En De animales a dioses, Yuval Noah Harari comenta que los animales acumulan conocimiento por experiencia, pero que no puede ser trasmitido a otros individuos, ni genéticamente a sus crías. Ese conocimiento muere con él. En cambio, los humanos desarrollamos lenguaje y escritura, abstracciones consensuadas que permiten producir, acumular y transmitir conocimientos. La clave está en la crianza, también la más larga entre todas las especies, en la que se fortalecen esas habilidades, lo que genera más conocimiento, que se trasmite de persona a persona, de generación en generación. La acumulación de conocimientos nos convirtió en la especie dominante. Poco sirve, advierte Harari, cuando somos la que más daño ha generado a otras especies y al planeta.

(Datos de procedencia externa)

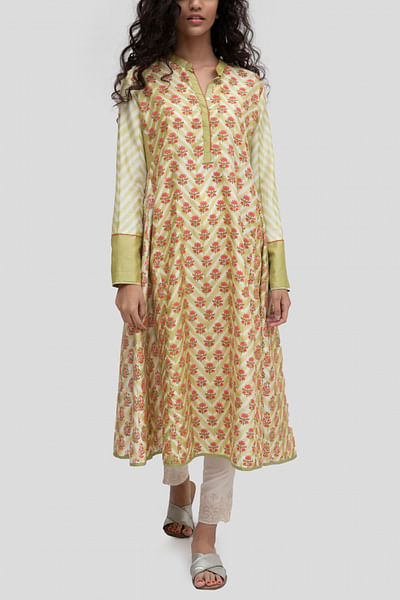 Beige floral printed kurta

Sin embargo, para Johan Huizinga, en su Homo ludens, por encima del saber (homo sapiens) y del hacer (homo faber), está el jugar. Es verdad que otros animales superiores también juegan. Los perros, por ejemplo, corren en círculos sobre ellos mismos jugando a morderse la cola. Pero solo el hombre ha logrado construir ficciones, creando un orden absoluto, con reglas propias, en las que compite consigo mismo o contra otros. Lo característico, agrega Huizinga, es que el hombre que juega se entrega a la ficción de ese mundo paralelo de tal manera que, por un tiempo, el juego lo absorbe plenamente, lo que genera emoción. Esto vale para jugar rayuela, dados, naipes, ajedrez y, claro, fútbol.

Quizá el fútbol sea lo más parecido a los combates de circo en la Roma imperial, pero sin sangre ni heridos (la más de las veces) ni muertos. Dos mil años después, el coliseo son los estadios y los gladiadores son los equipos. Pero no hay un emperador que baje el pulgar para autorizar la muerte, ni público que lo influya. Ahora ganar depende de uno. Se dice que en el fútbol no hay lógica. Es cierto, la victoria siempre es objetiva, gana el que meta más goles, aunque el contrario hubiese jugado mejor. Esa incertidumbre hace que haya más emoción todavía. El hombre que juega es la síntesis del hombre que sabe, porque el fútbol cada vez más exige conocer cómo juega el enemigo para planificar cada partido; del hombre que fabrica, porque el fútbol exige destrezas y habilidades para vencer estrategias; y del hombre con sentimiento, porque el fútbol también requiere pasión para dejarlo todo en la cancha.

El fútbol hipnotiza porque es la simulación de la vida. Todo puede pasar, es imprevisible. No obstante, hay que prepararse lo mejor posible y perseguir la victoria, aunque el pronóstico esté en contra.

En estos días, todos somos expertos. Discutimos seriamente para cada partido qué hacer y por qué pasó lo que pasó. La pregunta es ¿por qué no hacemos lo mismo en nuestra vida cotidiana? El partido de la política, de cómo organizar el Estado y de cómo vivir mejor en sociedad, lo vamos perdiendo.